• **COLLECTED MATERIAL**:

▽

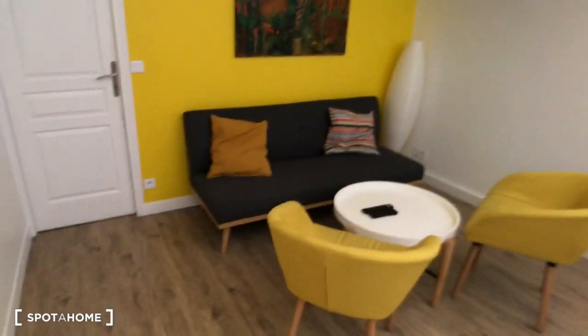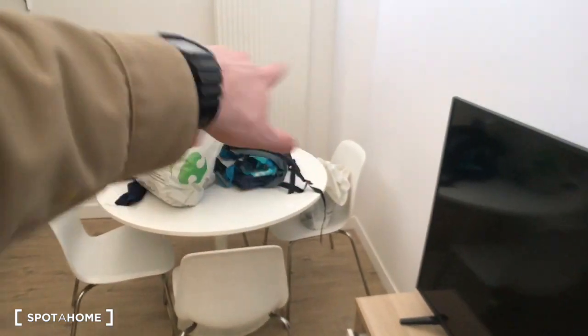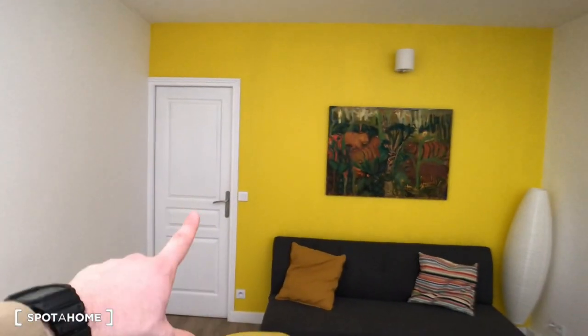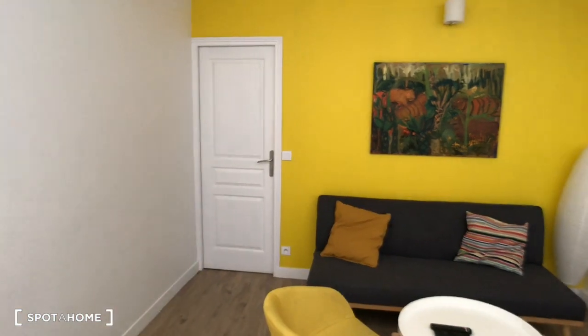Next to the kitchen there is the living room, with a TV, a table with some chairs, and a living area with a sofa, a coffee table, and two other chairs. And here is bedroom number two, but it's already rented so we can't see it today.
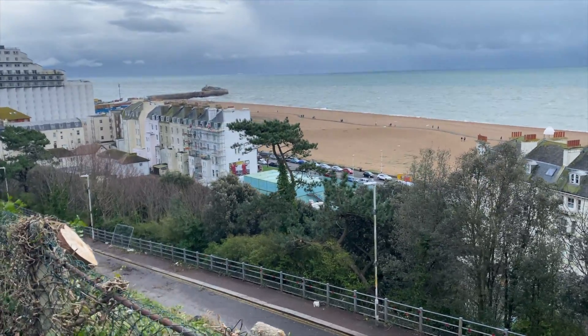One thing I'm really finding by doing this walk is that you really don't get a sense of height when you're writing. I would have had the characters walking straight out of the hotel onto the beach — and actually there's quite a big cliff in the way!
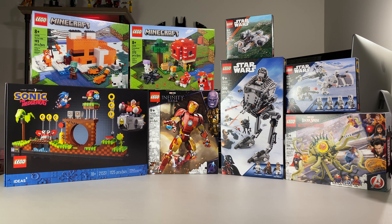The Sonic the Hedgehog set should do really well after it retires — I think the nostalgia of Sonic will be cool with a lot of people. Then I picked up a couple different Marvel sets: I got the Iron Man figure and the Doctor Strange Multiverse of Madness Gargantos Showdown.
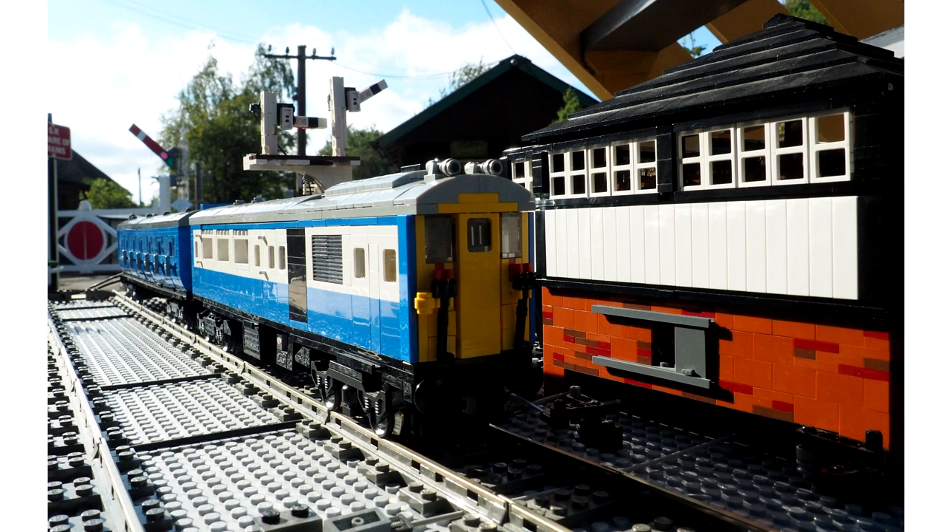Our first entry is the Romsey Signalbox and Lego Thumper model by Stuart Jones. We love this. It's a very small shot of quite a much larger layout which has fully working signals and level crossings and all sorts of awesome stuff. It's truly brilliant and hopefully I'll get to see it at the Brick at some point once this lockdown is finished.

△

• **ASSIGNED TASK**: Reproduce the full listing above verbatim, with no pictures included.

• **ANSWER**:
Next to the kitchen there is the living room, with a TV, a table with some chairs, and a living area with a sofa, a coffee table, and two other chairs. And here is bedroom number two, but it's already rented so we can't see it today.
One thing I'm really finding by doing this walk is that you really don't get a sense of height when you're writing. I would have had the characters walking straight out of the hotel onto the beach — and actually there's quite a big cliff in the way!
The Sonic the Hedgehog set should do really well after it retires — I think the nostalgia of Sonic will be cool with a lot of people. Then I picked up a couple different Marvel sets: I got the Iron Man figure and the Doctor Strange Multiverse of Madness Gargantos Showdown.
Our first entry is the Romsey Signalbox and Lego Thumper model by Stuart Jones. We love this. It's a very small shot of quite a much larger layout which has fully working signals and level crossings and all sorts of awesome stuff. It's truly brilliant and hopefully I'll get to see it at the Brick at some point once this lockdown is finished.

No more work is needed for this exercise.